Health is not individual.
Within medicine (and the wellness industry), we see a lot of focus on individuals: making healthy choices, adjusting one’s own lifestyle, taking time for self-care, etc. All of this is wonderful of course, but in reality we can never heal if our society is sick or if our health comes at the expense of others.
There are innumerable barriers to health for many communities. While it is certainly easier to focus on individual action (‘an apple a day…’ ‘quit smoking’ ‘exercise!’) rather than to tackle the structural inequities that give rise to individual choices, we’re not accurately assessing or addressing public health realities. Certainly it’s a daunting task — it’s a lot easier to tell someone to eat more vegetables than to work to dismantle and restructure the systems in which we live in order to imagine a world in which health is equally available to all. But that’s the big work.

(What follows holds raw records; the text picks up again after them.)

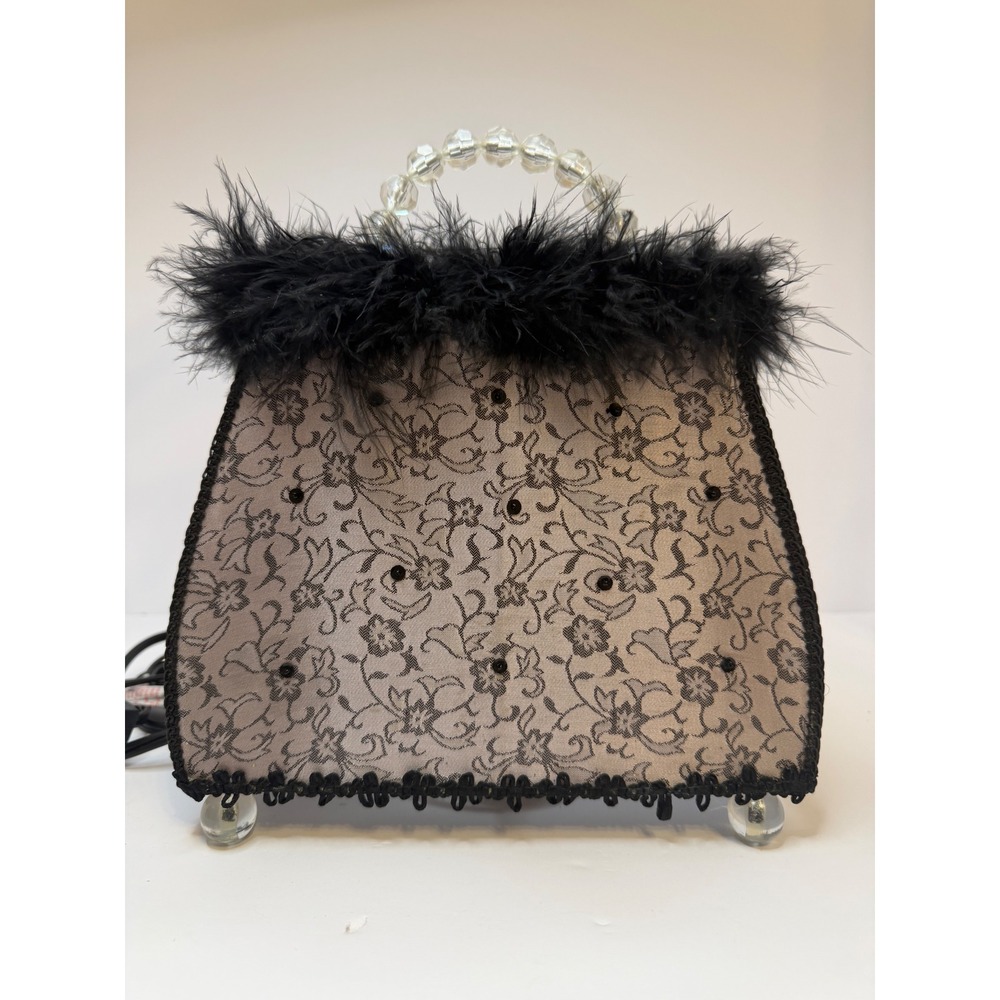 Vintage Style Purse Accent Lamp Black Floral Lace Feather Trim Beaded Handle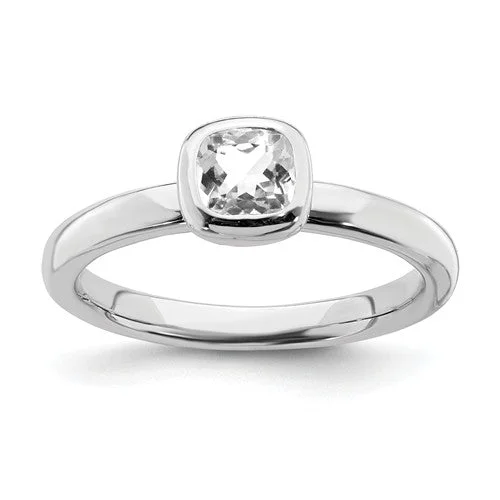 Bold Engagement Bands For Unique Proposals-Sterling Silver Stackable Expressions Cushion Cut April White Topaz Ring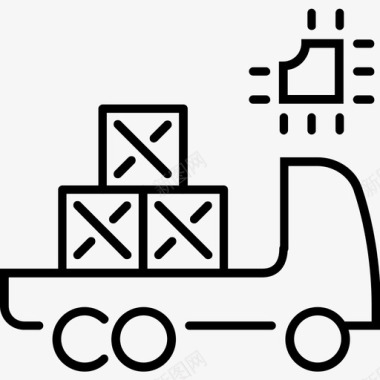 自动卡车货物生产图标图标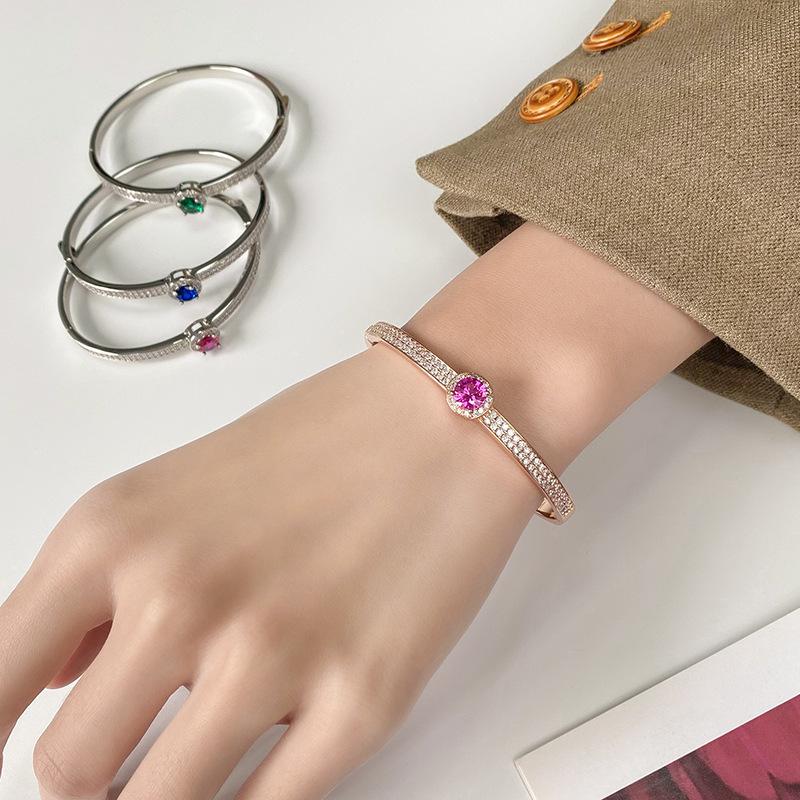 Jewelry Simulation Color Treasure Corundum Retro Bracelet Female Main Stone 6.5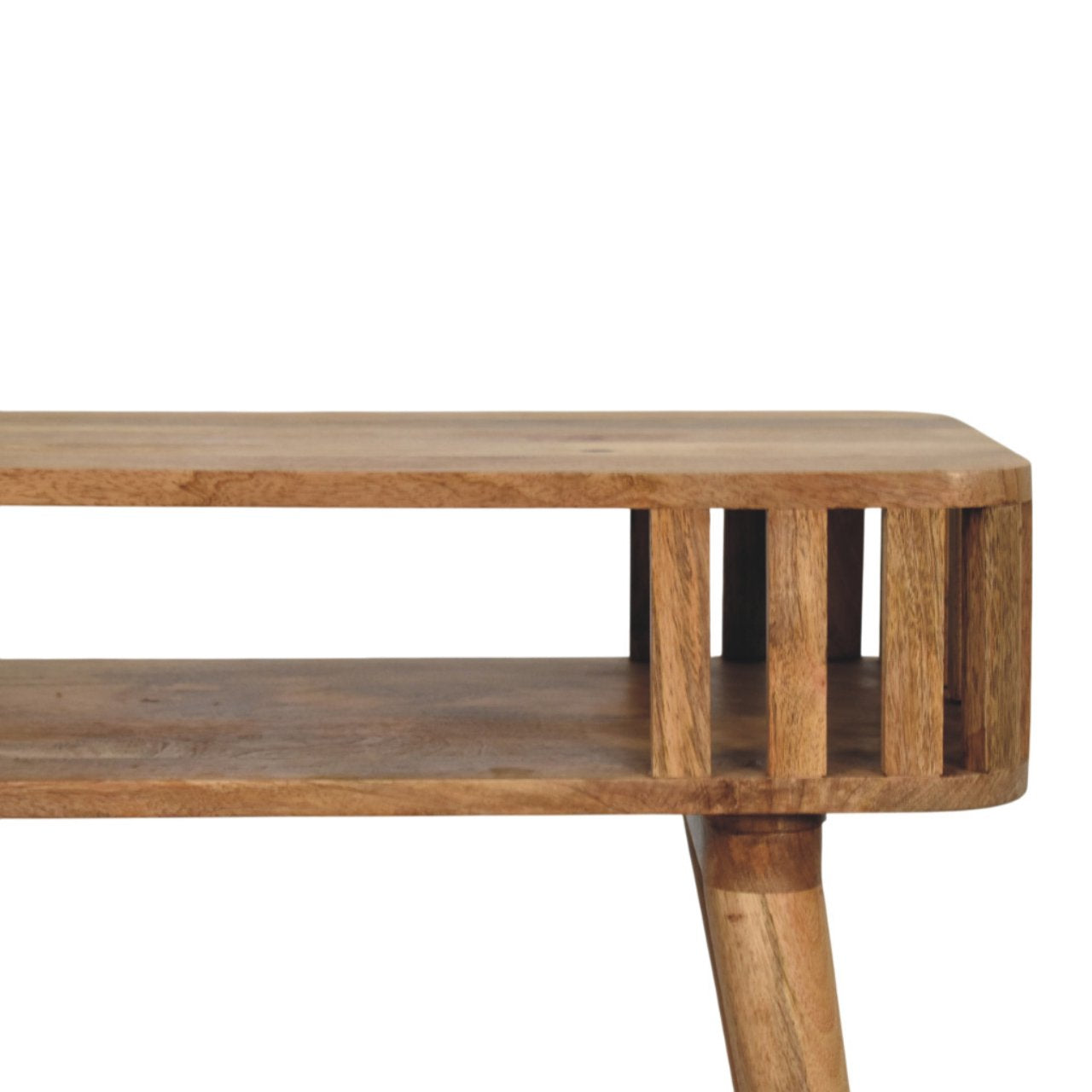 Slatted Oak-ish Console Table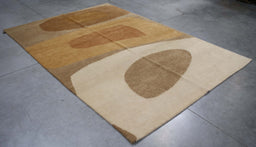 6x9 India Abstract Modern Contemporary Ivory Brown Wool Rectangular Rug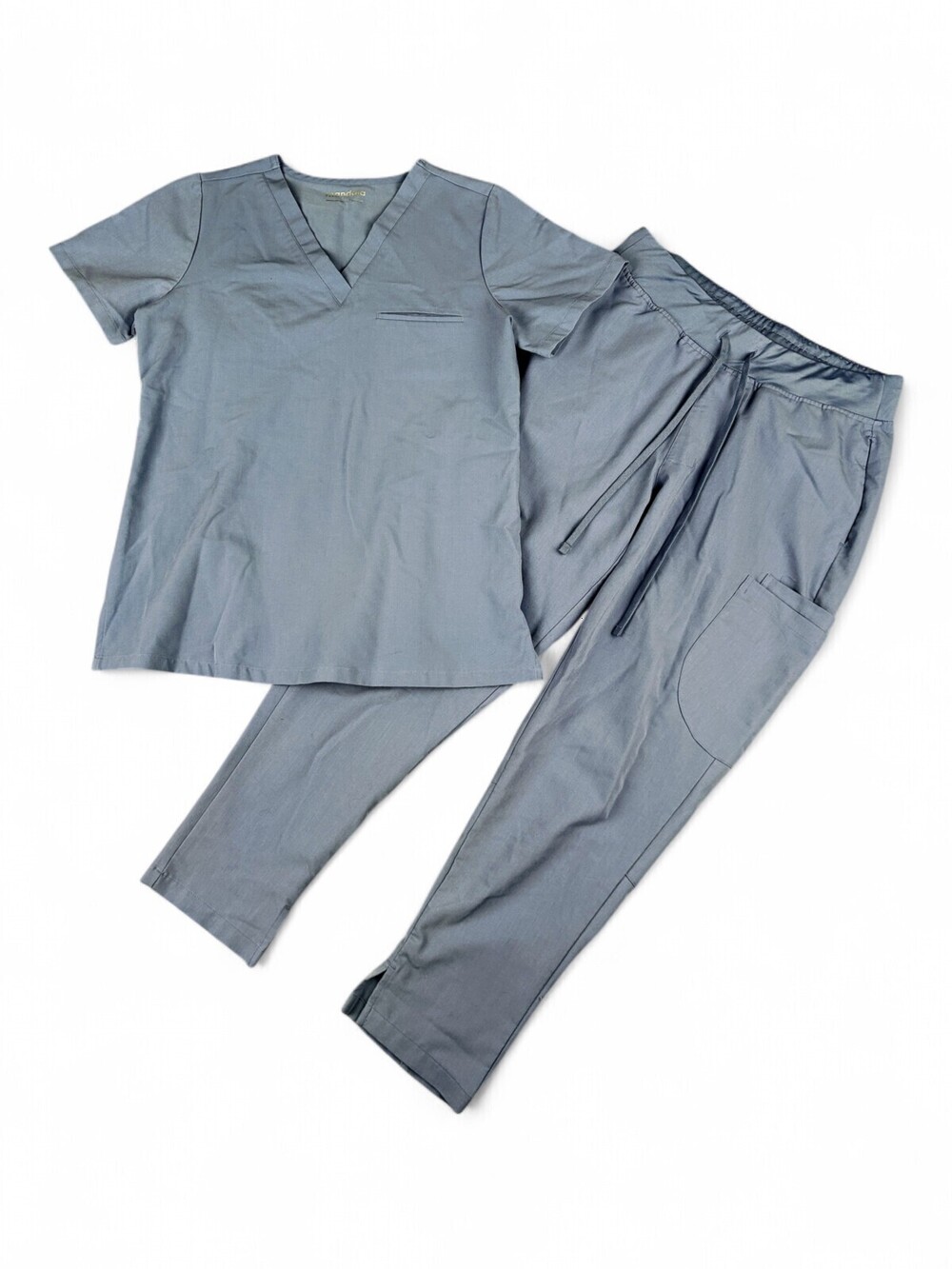 Mandala V-Neck Scrub Set Women's Top S & Pant M Petite Dusty Blue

In holistic healthcare we look at the whole person — not just an individual symptom but rather the interaction of all their bodily systems as well as their mind, emotions, & spirit — but in reality we have to look beyond the individual patient to their relationships, environment, society, and structures in which they live.
The social ecological model of health reminds us that health includes clean water, soil, and air, access to healthy food, safe and green neighborhoods for exercise, access to education and employment, and social support. True healthcare must therefore address issues of injustice such as mass incarceration, unfair zoning and redlining, lack of school funding, unsafe work conditions, and placement of polluting factories or diesel corridors near communities of color. Health is interpersonal, intergenerational, social, systemic, and environmental.
Deep gratitude for organizations in Chicago doing grassroots work to affect the determinants of health for their communities. If we’re going to truly make change, it’s going to come from many angles and it’s going to take a lot of us.